■ DATA EXTRACT ■
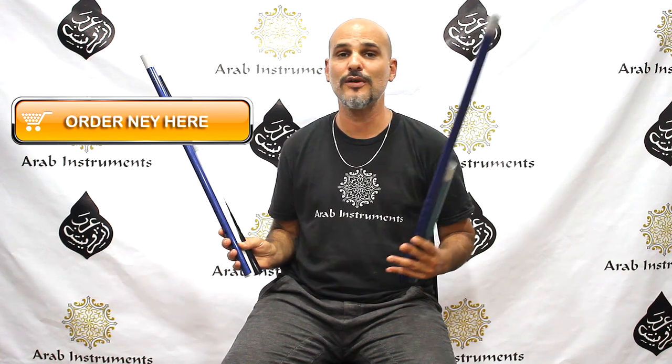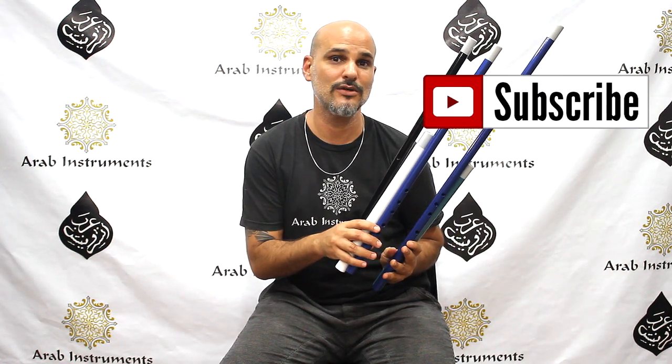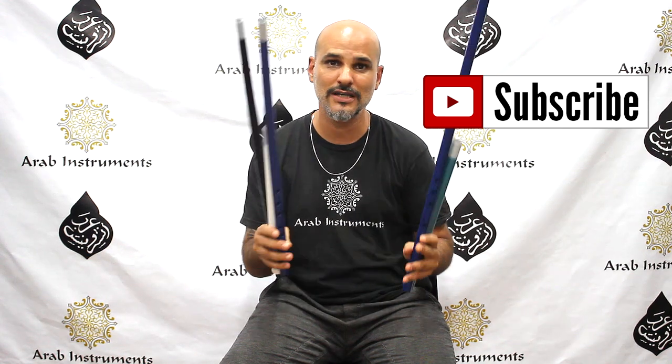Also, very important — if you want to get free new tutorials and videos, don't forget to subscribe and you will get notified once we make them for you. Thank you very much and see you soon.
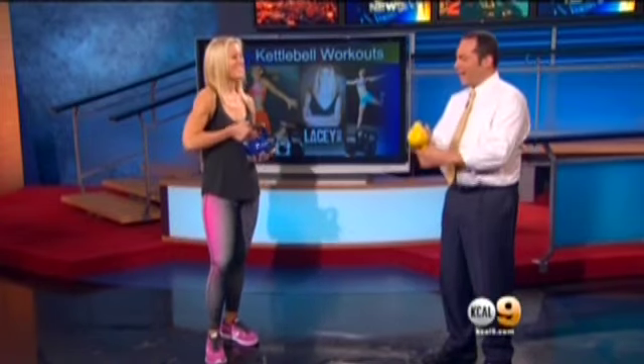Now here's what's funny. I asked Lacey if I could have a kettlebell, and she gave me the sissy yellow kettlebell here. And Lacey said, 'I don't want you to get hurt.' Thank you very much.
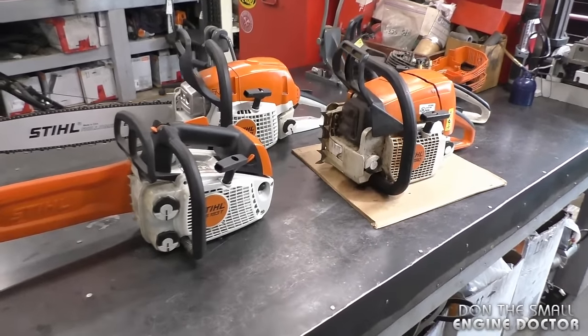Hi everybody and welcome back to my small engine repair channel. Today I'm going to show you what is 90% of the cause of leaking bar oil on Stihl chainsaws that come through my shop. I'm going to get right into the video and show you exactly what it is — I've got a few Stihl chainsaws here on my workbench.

--

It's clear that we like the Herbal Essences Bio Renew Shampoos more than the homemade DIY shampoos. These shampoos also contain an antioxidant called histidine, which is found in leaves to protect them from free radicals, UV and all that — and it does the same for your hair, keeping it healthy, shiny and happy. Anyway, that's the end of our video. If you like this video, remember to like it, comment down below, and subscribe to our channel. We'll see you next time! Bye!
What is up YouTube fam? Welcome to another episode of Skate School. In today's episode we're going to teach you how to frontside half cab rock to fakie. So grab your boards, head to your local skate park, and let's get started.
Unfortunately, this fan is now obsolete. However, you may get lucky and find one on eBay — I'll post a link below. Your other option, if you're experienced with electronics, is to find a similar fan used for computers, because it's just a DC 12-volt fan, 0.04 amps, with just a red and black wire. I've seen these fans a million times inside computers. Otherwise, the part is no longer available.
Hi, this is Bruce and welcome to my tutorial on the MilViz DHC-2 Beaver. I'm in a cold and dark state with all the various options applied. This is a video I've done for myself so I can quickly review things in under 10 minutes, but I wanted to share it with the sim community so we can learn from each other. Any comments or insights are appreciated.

==

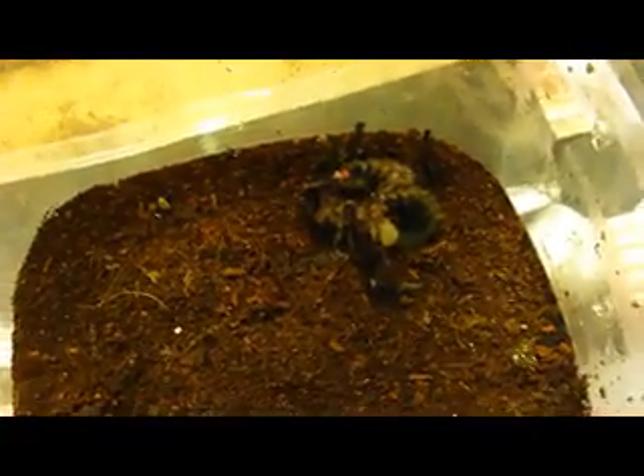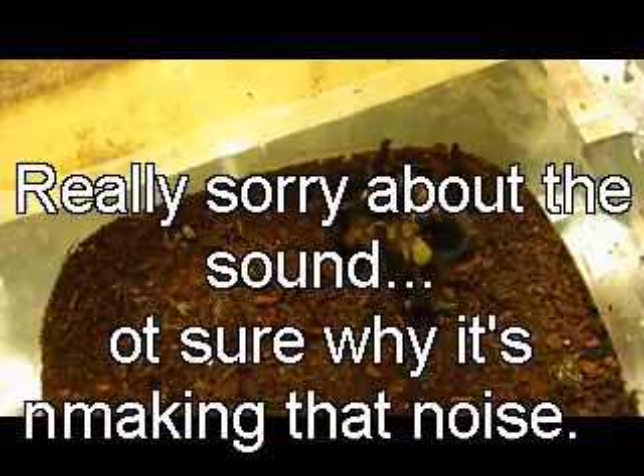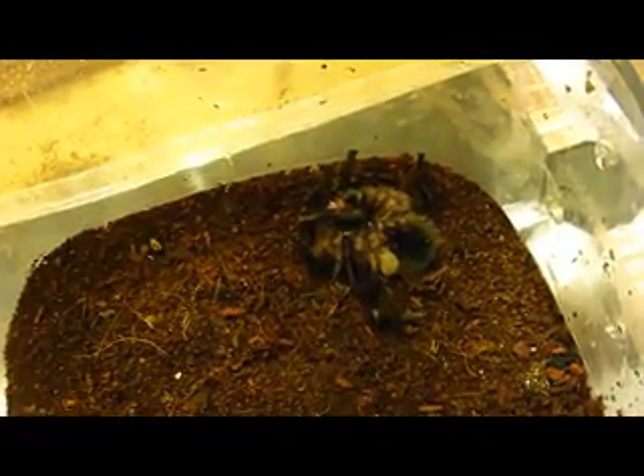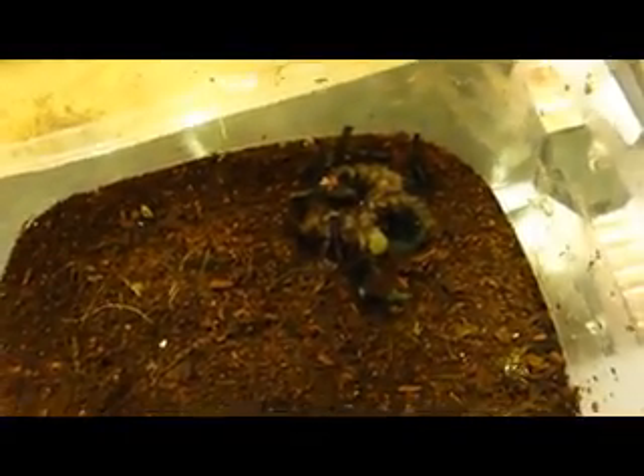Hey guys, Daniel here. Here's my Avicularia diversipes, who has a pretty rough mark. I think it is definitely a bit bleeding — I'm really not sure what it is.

■ THE TASK ■
Set down only the lines above that fall between the line holding "Unfortunately, this fan" and the line holding "Hi, this is", inclusive, keeping each exact.

■ REPLY TO THE EXERCISE ■
Unfortunately, this fan is now obsolete. However, you may get lucky and find one on eBay — I'll post a link below. Your other option, if you're experienced with electronics, is to find a similar fan used for computers, because it's just a DC 12-volt fan, 0.04 amps, with just a red and black wire. I've seen these fans a million times inside computers. Otherwise, the part is no longer available.
Hi, this is Bruce and welcome to my tutorial on the MilViz DHC-2 Beaver. I'm in a cold and dark state with all the various options applied. This is a video I've done for myself so I can quickly review things in under 10 minutes, but I wanted to share it with the sim community so we can learn from each other. Any comments or insights are appreciated.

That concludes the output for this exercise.